Records for this task →
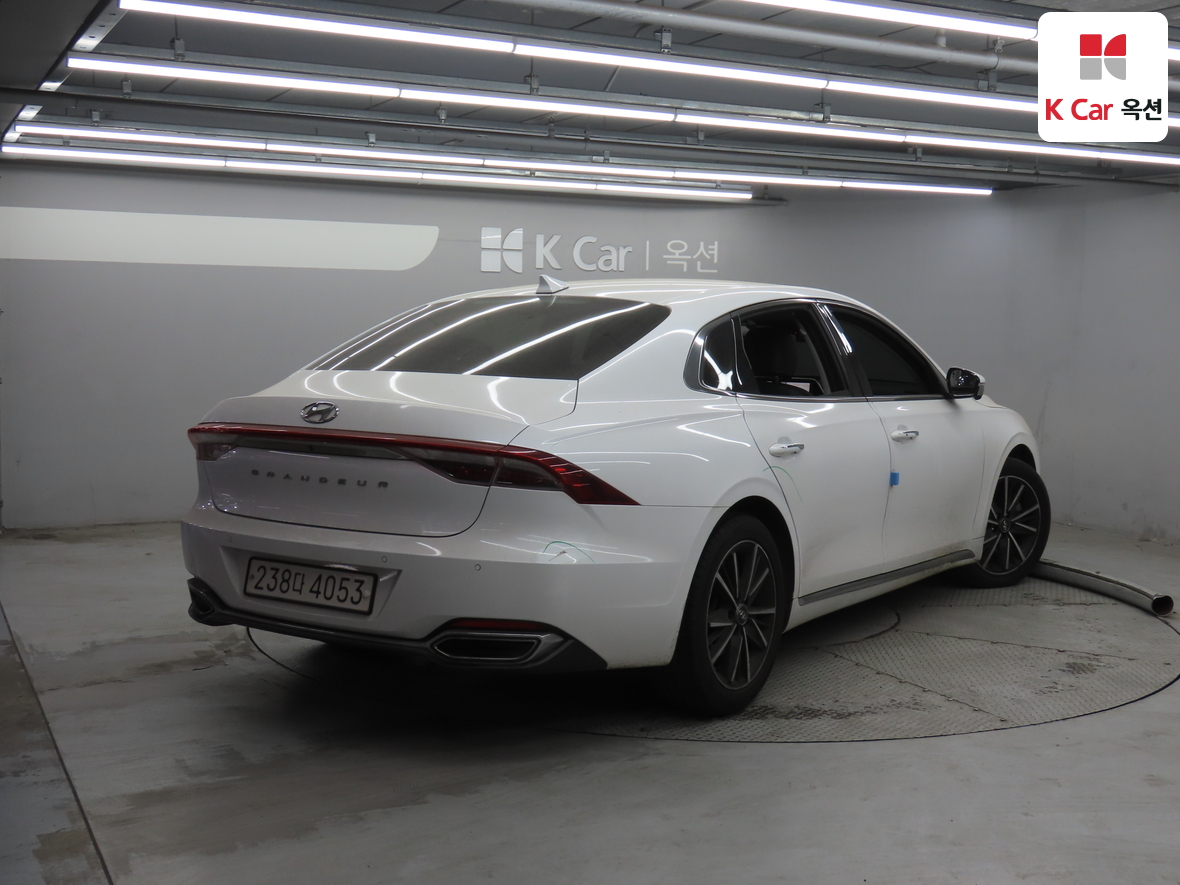 Hyundai Grandeur 2020 - Image 2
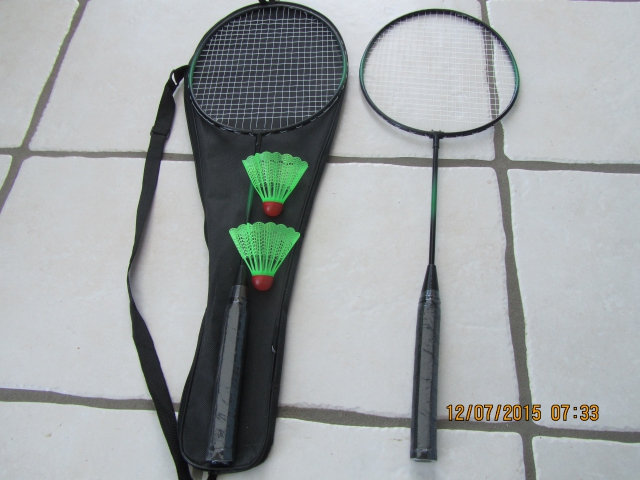 2 raquettes de badminton , 2 volants , housse neuve acheter vendre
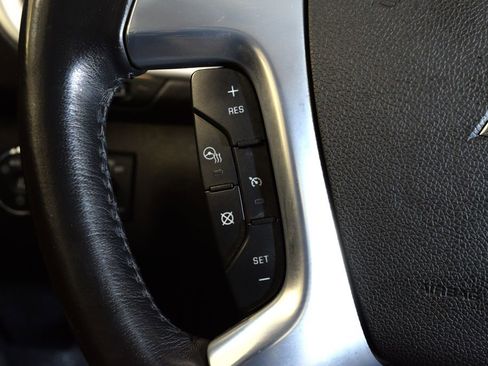 Used 2017 Chevrolet Traverse Premier image 19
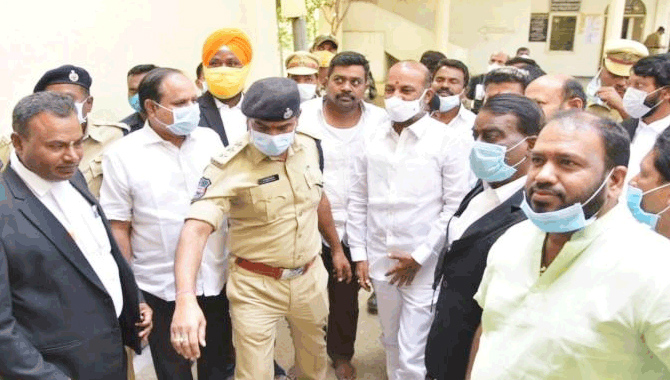 బీజేపీ రాష్ట్ర అధ్యక్షుడు బండి సంజయ్ కు …14 రోజుల జ్యుడీషియల్  రిమాండ్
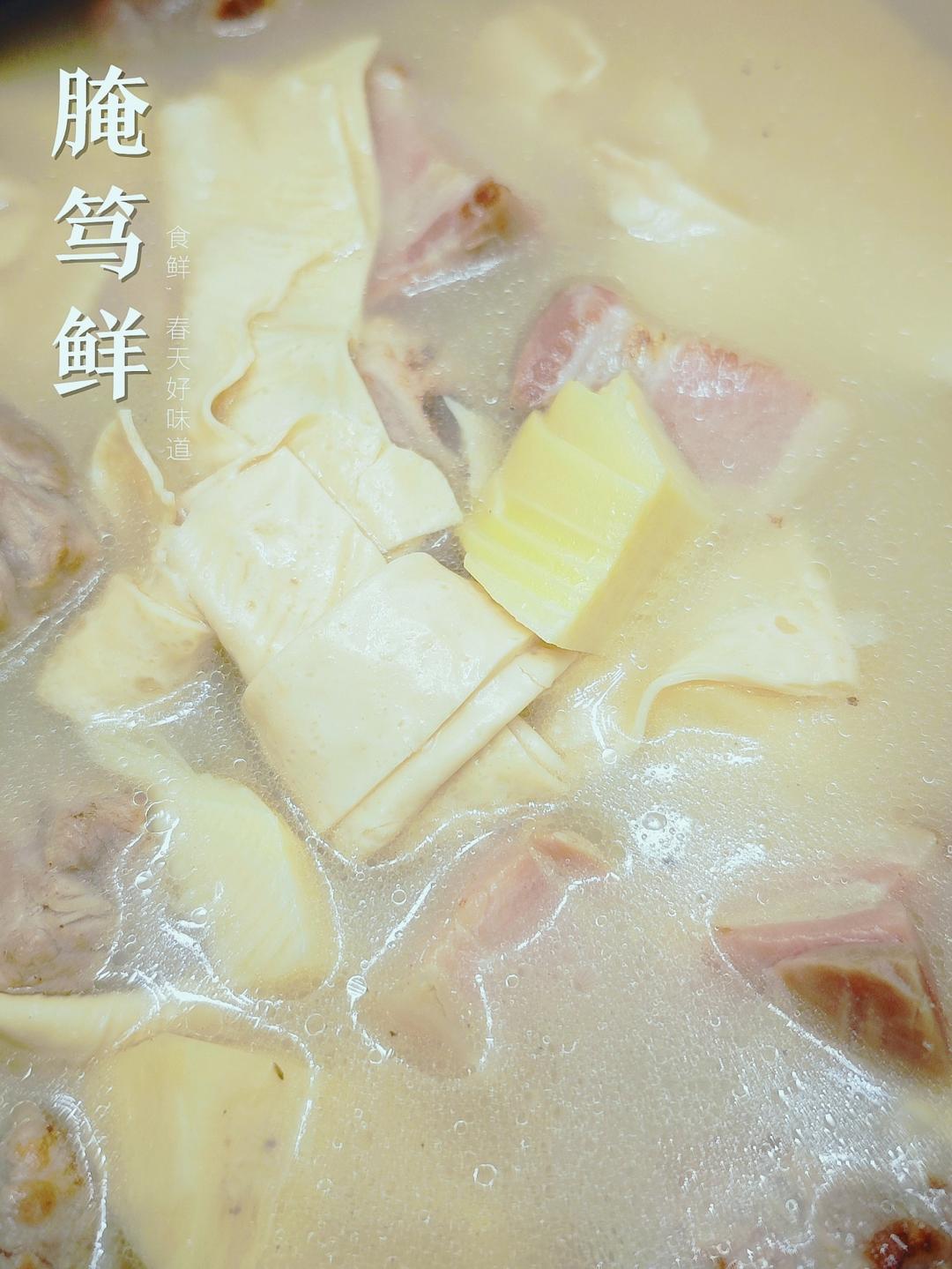 上海腌笃鲜～不能加葱不用加盐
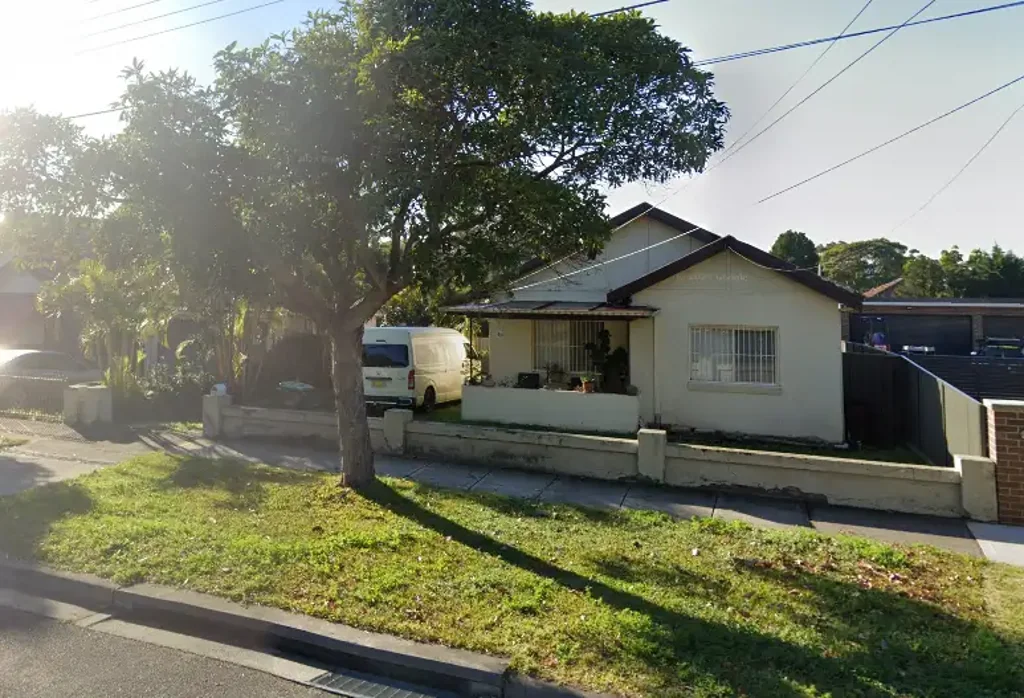 3 BEDROOM FAMILY HOME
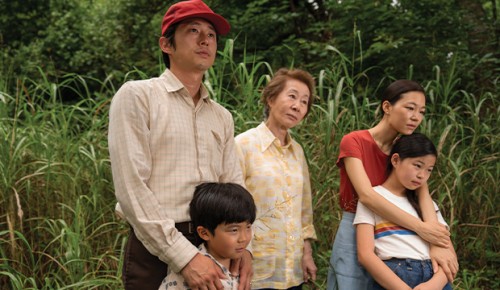 Youn Yuh-Jung, Alan S. Kim, Noel Cho, Steven Yeun and Yeri Han in Minari. Photo c/o IMDB/A24.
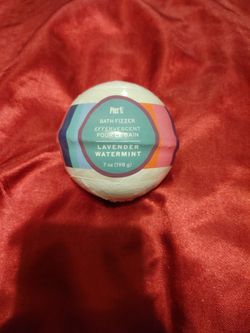 Pier 1 Lavender Watermelon Bath Bomb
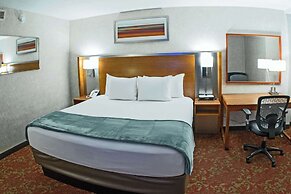 Clarion Hotel Bakersfield North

What is required →
No pictures belong in the copy; output every record exactly.

Solution for this problem →
 Hyundai Grandeur 2020 - Image 2
 2 raquettes de badminton , 2 volants , housse neuve acheter vendre
 Used 2017 Chevrolet Traverse Premier image 19
 బీజేపీ రాష్ట్ర అధ్యక్షుడు బండి సంజయ్ కు …14 రోజుల జ్యుడీషియల్  రిమాండ్
 上海腌笃鲜～不能加葱不用加盐
 3 BEDROOM FAMILY HOME
 Youn Yuh-Jung, Alan S. Kim, Noel Cho, Steven Yeun and Yeri Han in Minari. Photo c/o IMDB/A24.
 Pier 1 Lavender Watermelon Bath Bomb
 Clarion Hotel Bakersfield North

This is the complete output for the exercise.